The best technology amplifies human capabilities without making you feel like you’re operating machinery. Like a great mixtape deck: you barely thought about the technology. You thought about the music, the story, the person you were making it for.

The Future Is a Better Mixtape Deck
I’m not nostalgic for analog. Cassettes were frustrating. Recording quality was inconsistent. Tapes degraded over time. The limitations were real.
But the mindset analog taught me? That’s invaluable.
Constraints breed creativity. Curation matters more than generation. Intuition complements data. Technology should amplify human intent, not replace it.
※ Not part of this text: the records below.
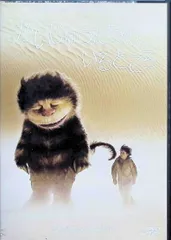 マーク・ラファロ／直筆サイン入りパンフレット マーク・ラファロ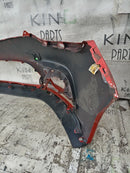 RENAULT CLIO MK4 2016-2019 FRONT BUMPER PDC GENUINE 620221630R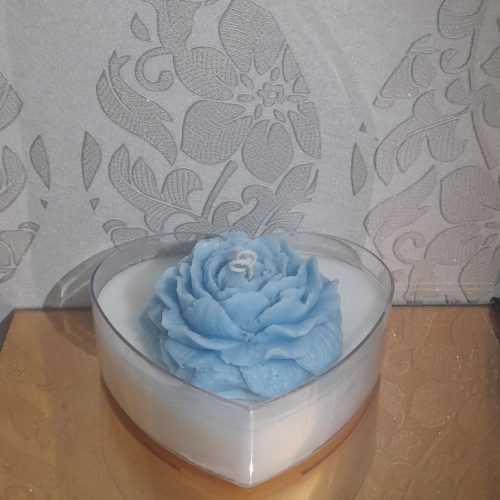 فروش انواع شمع های زیبا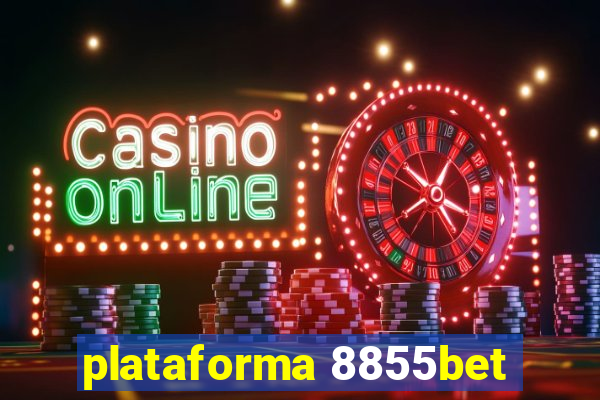 plataforma 8855bet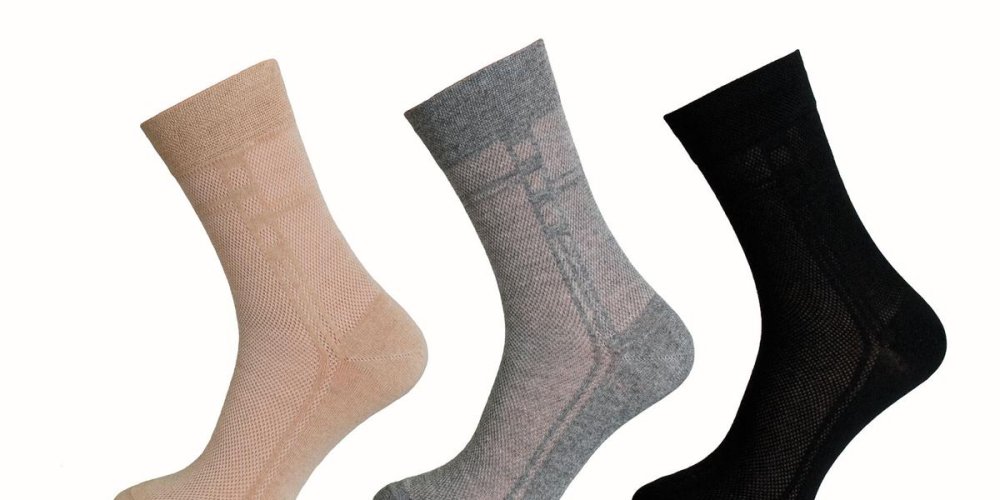  Мужские носки - как правильно выбрать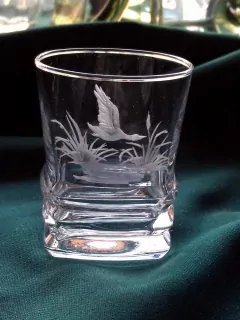 Kachna na frťanu viska ELGNT 80ml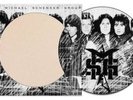 The Michael Schenker Group - MSG [LP] (Picture Disc) 2018
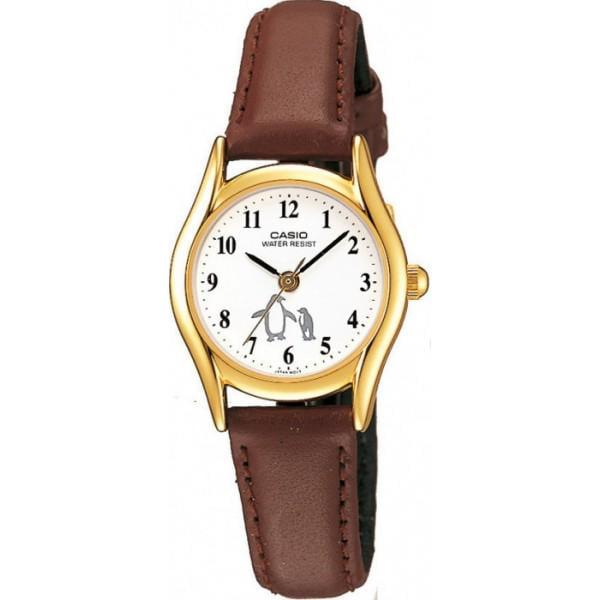 Годинник жіночий Casio LTP-1094Q-7B6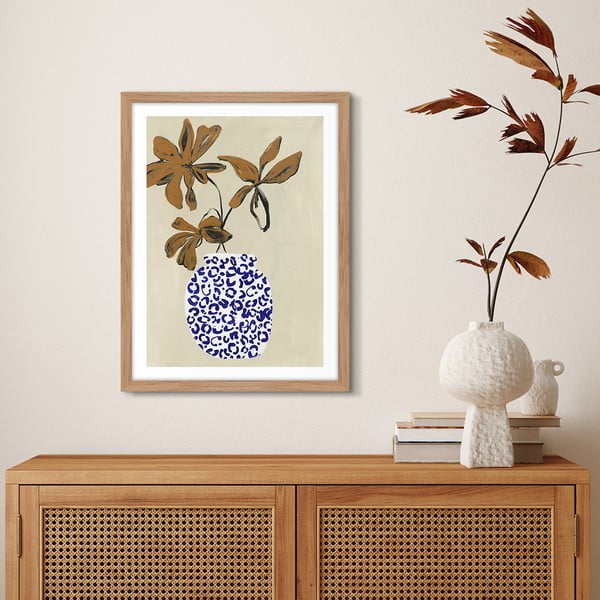 Картина 30x40 cm The Right Ambience - Malerifabrikken-image-1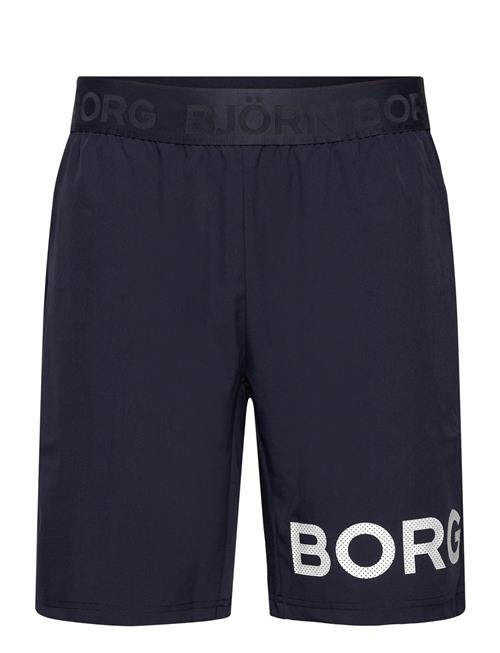 Björn Borg Borg Shorts Björn Borg Blue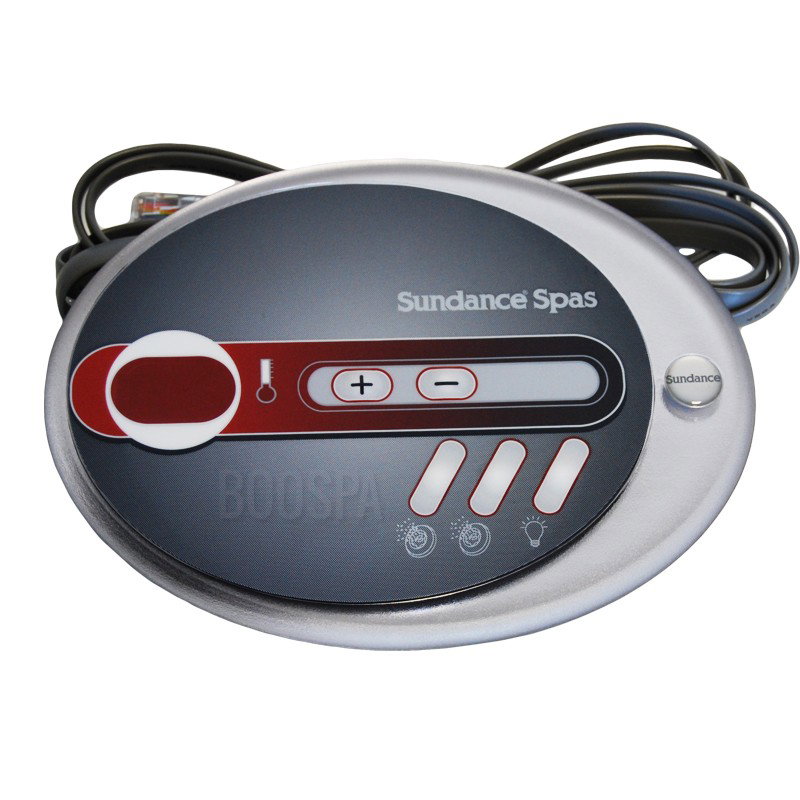 Sundance Styrpanel 6600-651 till bla Sundance 680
And the best tools fade into the background, letting you focus on what actually matters.
This is how I think about AI.
Not as magic. Not as a replacement for human thinking. But as a really, really good version of that old cassette deck—a tool that makes it easier to capture, organize, and share what’s in your head.
The difference? Modern AI is infinitely more capable. But the principles remain the same.
Know your constraints. Curate thoughtfully. Trust your intuition. Build tools that feel human. And remember: the technology isn’t the point. What you choose to do with it is.
I’m 40 now. Haven’t made a mixtape in decades. But every AI system I build, every product I design, every feature I debate—I’m still asking the same questions I asked at 15, sitting in front of a boom box with a stack of blank cassettes:
What story am I trying to tell? What should come first? How do I make this flow? What makes this mine?
The tools changed. The questions didn’t.
And that, more than any technical skill, is what growing up analog taught me about building with AI.